Question

A ball is dropped from some height and after first collision with the ground if it reaches $ \frac{3}{4} $th of its original height, then the % loss of its energy is: Options:

• A. \( 25 \)
• B. \( 75 \)
• C. \( 50 \)
• D. \( 55 \)

Hint:

The fraction of energy retained after a collision is related to the coefficient of restitution \( e \). The energy ratio is \( e^2 \), and the percentage loss is \( (1 - e^2) \times 100 \).

Answer 1

The Correct Option is A

We need to find the percentage loss of energy after the ball rebounds to \( \frac{3}{4} \) of its original height. Step 1: Determine the initial and final energies. The ball is dropped from height \( h \). Initial energy (just before collision) is: \[ E_{\text{initial}} = mgh \] After collision, it rebounds to \( \frac{3}{4}h \).
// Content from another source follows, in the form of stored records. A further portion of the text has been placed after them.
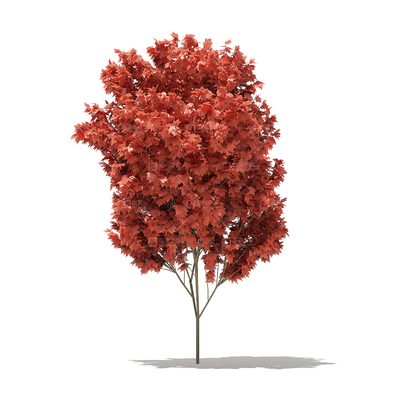 C4D小乔木灌木植物3d模型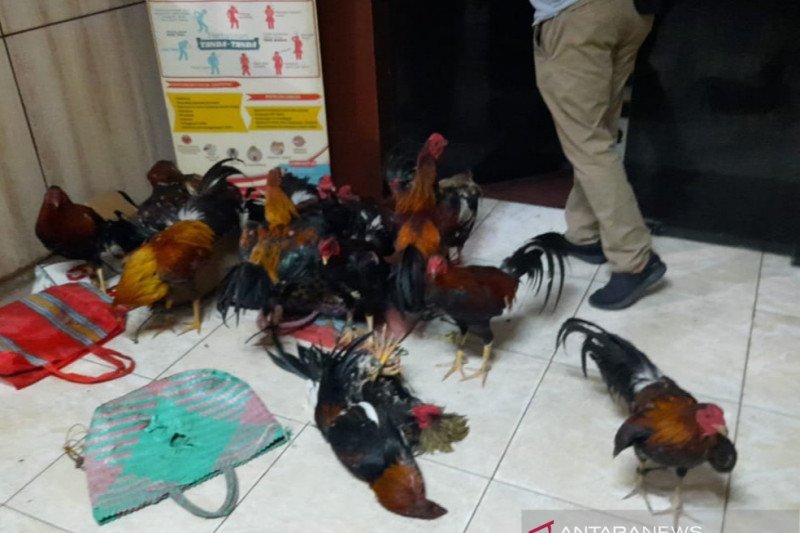 Detail Gambar Sabung Ayam Nomer 26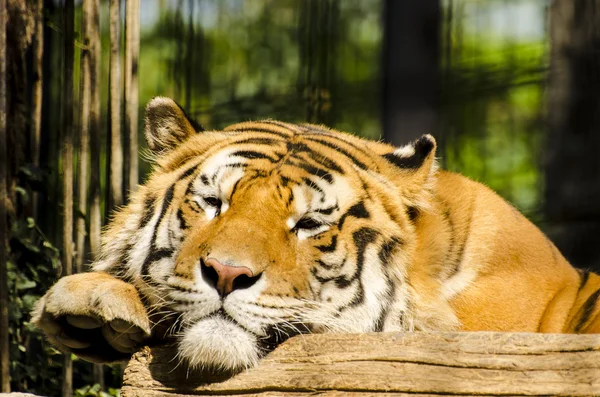 Sleeping tiger — Stock Photo, Image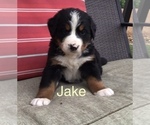 Puppy Jake Bernese Mountain Dog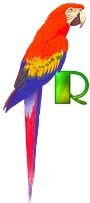 perrrroquet-4333-18.jpg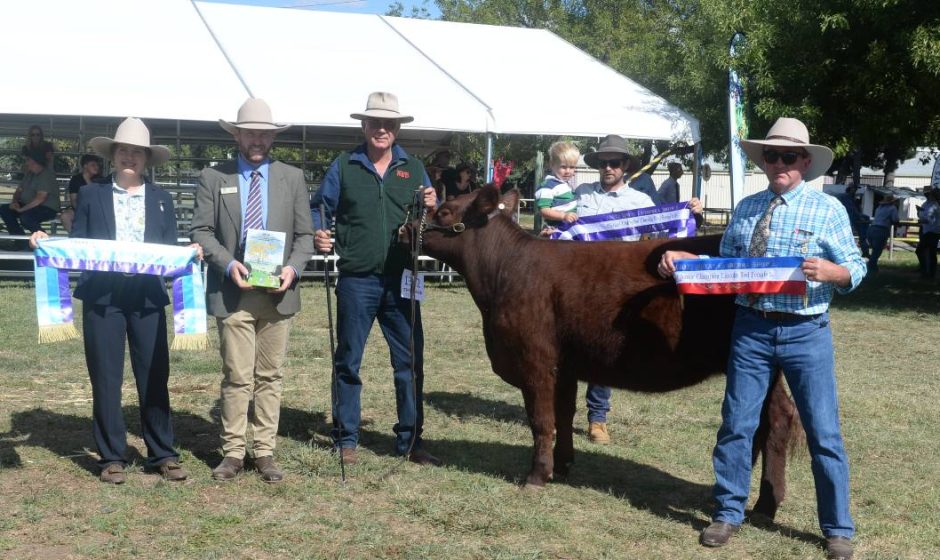 Canberra Royal 2023 Lincoln Red results Australian Country Life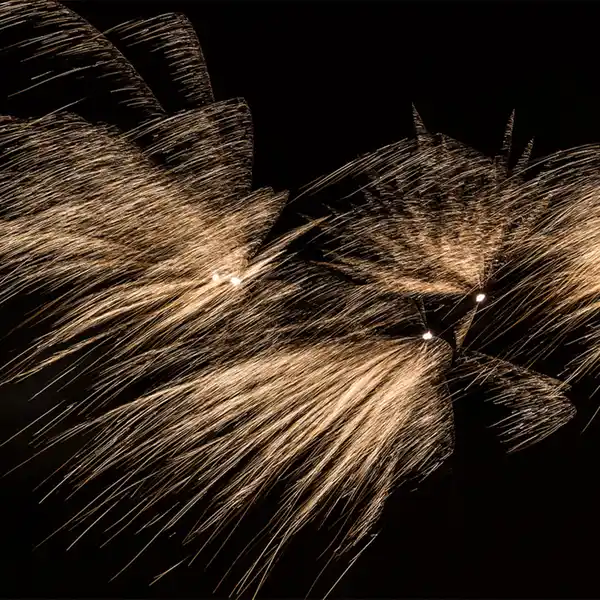 Bild 2 von Nico Feuerwerk/Powertec Drachengold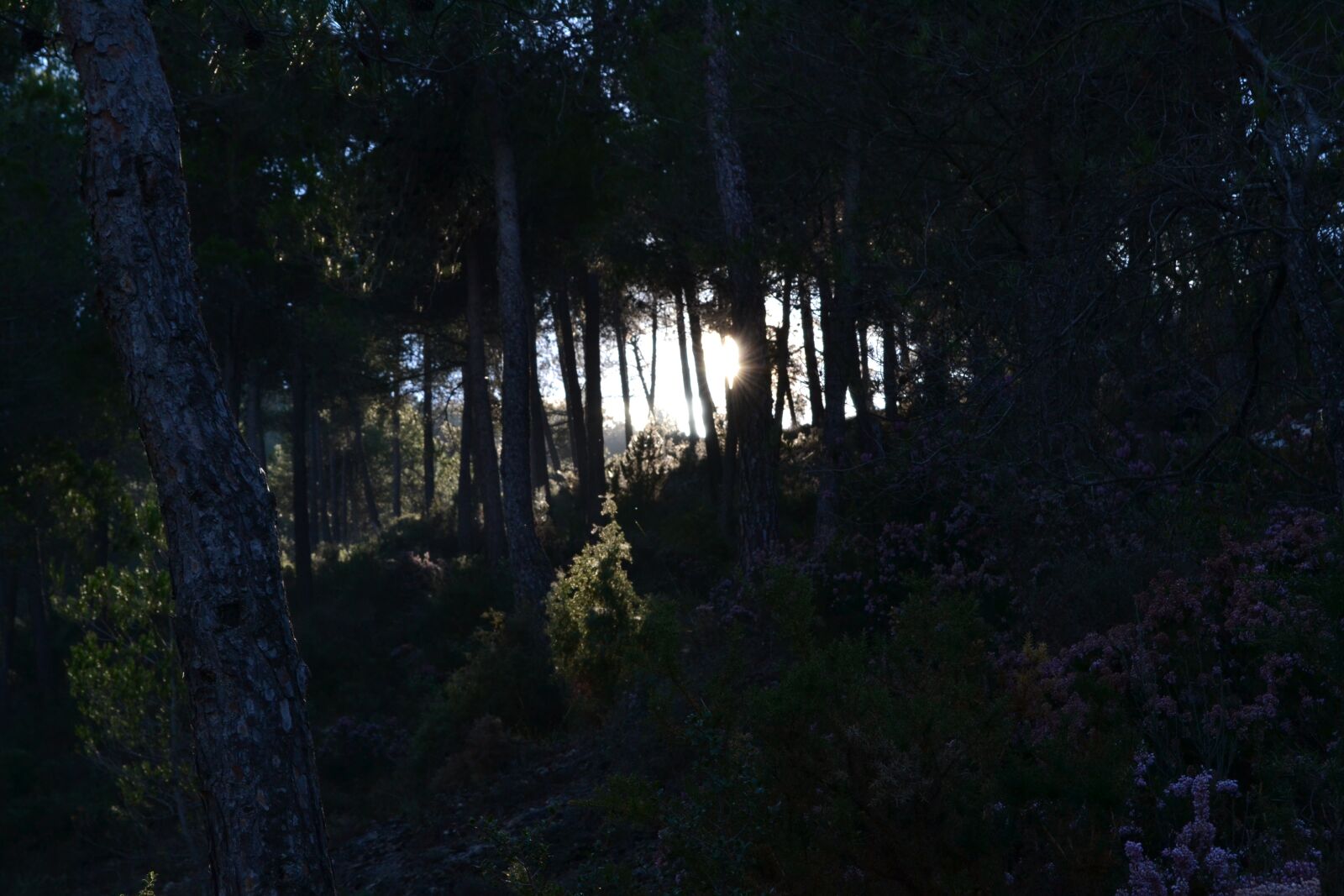 Nikon D3100 sample photo. Forest, backlight, landscape photography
Final energy (at the top of the rebound): \[ E_{\text{final}} = mg \left( \frac{3}{4}h \right) = \frac{3}{4} mgh \] Step 2: Calculate the fraction of energy retained. \[ \frac{E_{\text{final}}}{E_{\text{initial}}} = \frac{\frac{3}{4} mgh}{mgh} = \frac{3}{4} \] Step 3: Calculate the percentage loss of energy. Fraction of energy lost: \[ 1 - \frac{E_{\text{final}}}{E_{\text{initial}}} = 1 - \frac{3}{4} = \frac{1}{4} \] \[ \text{Percentage loss} = \frac{1}{4} \times 100 = 25% \] Final Answer: \[ \boxed{25} \]